Frank assessment from Gates on Iraq

Defense chief nominee later qualifies statement

December 06, 2006|By David Wood | David Wood,Sun Reporter

WASHINGTON -- Hours before a Senate panel unanimously approved his nomination as defense secretary yesterday, Robert M. Gates was asked whether the United States is winning the war in Iraq.

His answer seemed to sweep away years of muddled double-talk and calculated ambiguity that have characterized many such congressional hearings about the war.

"No, sir," Gates said flatly, contradicting a declaration President Bush made 41 days ago that "Absolutely, we are winning."

Gates later qualified his statement. But with that unmistakable departure from White House orthodoxy, with a lengthy plea for bipartisan cooperation and an acknowledgement that the administration has made serious policy mistakes in Iraq, the former CIA director sought to signal a new era of tone, if not necessarily substance, as policymakers struggle to forge a new approach in Iraq.

"It's my impression that, frankly, there are no new ideas on Iraq. The list of tactics, the list of strategies, the list of approaches is pretty much out there," Gates said. "And the question is: Is there a way to put pieces of these different proposals together?"

Selected by Bush to replace Donald H. Rumsfeld after voters broadly repudiated the Republican administration's Iraq policies in last month's election, Gates is widely expected to be confirmed by the full Senate before week's end. Even so, skeptics expressed doubt that the bipartisan spirit he espoused can overcome the deep disagreements over Iraq.

In a later "clarification" that raised questions about how far he can stray from administration policy, Gates interrupted the hearing after a lunch break to say that while he stood by his earlier remark that the U.S. is not winning the war, he did not mean to suggest that U.S. troops are losing battles to insurgents. That put him squarely in sync with other officials who have said the United States is "not winning, but not losing."

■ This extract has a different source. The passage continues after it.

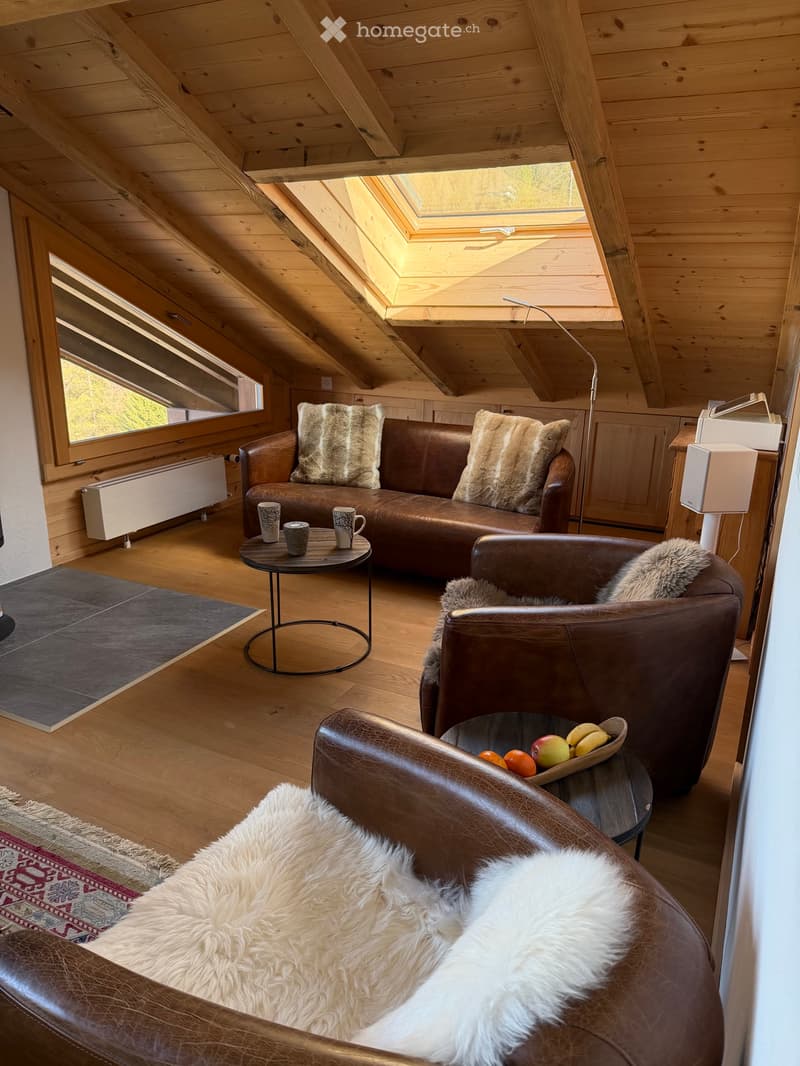 Magnifique duplex, lumineux et traversant (2)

In the daylong confirmation session before the Senate Armed Services Committee, Gates offered few policy prescriptions for Iraq, though he endorsed the White House goal of finding "a way forward" so that Iraq can "govern itself, sustain itself and defend itself and be an ally in our war on terror."

He sidestepped specific questions, such as whether more U.S. troops are needed, and the state of training of Iraqi soldiers and police, by saying he will, if confirmed, travel to Iraq to talk with U.S. commanders.

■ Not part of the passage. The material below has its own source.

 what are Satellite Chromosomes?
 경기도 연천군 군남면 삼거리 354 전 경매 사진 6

In seeking to demonstrate his independence, Gates said he had not given up the presidency of Texas A&M University at "considerable personal financial sacrifice ... to come back to Washington to be a bump on a log."

He vowed to "say exactly what I think and to speak candidly and frankly, boldly, to people at both ends of Pennsylvania Avenue about what I believe and what I think needs to be done."

"I don't owe anybody anything," he insisted.

Gates pleaded for a new bipartisan determination to wage the war on terrorism "so that everybody around the world who wishes us ill knows that we're in this for the long haul."

After six years of often fractious exchanges with Rumsfeld, many senators seemed impressed.

Sen. Carl Levin, the Michigan Democrat who will become chairman of the committee next month, called Gates' approach "a necessary, refreshing breath of reality that is so needed if we're going to look at ways of changing course in Iraq."

"It's an extraordinary change," agreed Sen. Jack Reed, Democrat of Rhode Island, a former paratrooper who has been a harsh critic of the administration and who often clashed heatedly with Rumsfeld. If Rumsfeld had been asked whether the U.S. was winning, "he would have started his answer by saying, `You don't understand,"' Reed said after the hearing. With Gates, "there's a tone of candor, which is something that has been lacking."

Outside the Senate chambers, however, there was more skepticism.

"It's the love-fest before the storm," said Thomas Donnelly, a senior adviser at the Center for Strategic and International Studies, a Washington think tank.

A former senior congressional staffer, Donnelly said it was unclear whether a bipartisan tone can heal fundamental differences over Iraq strategy, particularly about whether more, or fewer, troops are needed.

"It seems like the Democratic leaders and the president are on opposite ends of the planet, and I'm not sure even if Gates wants to position himself as a bridge between those two poles that anybody can stretch that far," Donnelly said.

A quick and painless Senate confirmation of Gates, said former Sen. David L. Boren, who introduced the nominee at the hearing, "is not sufficient."

"The president must also do his part," the Oklahoma Democrat said, "by making sure that he gives great weight to the bipartisan spirit and realistic advice which I believe he will receive" from Gates.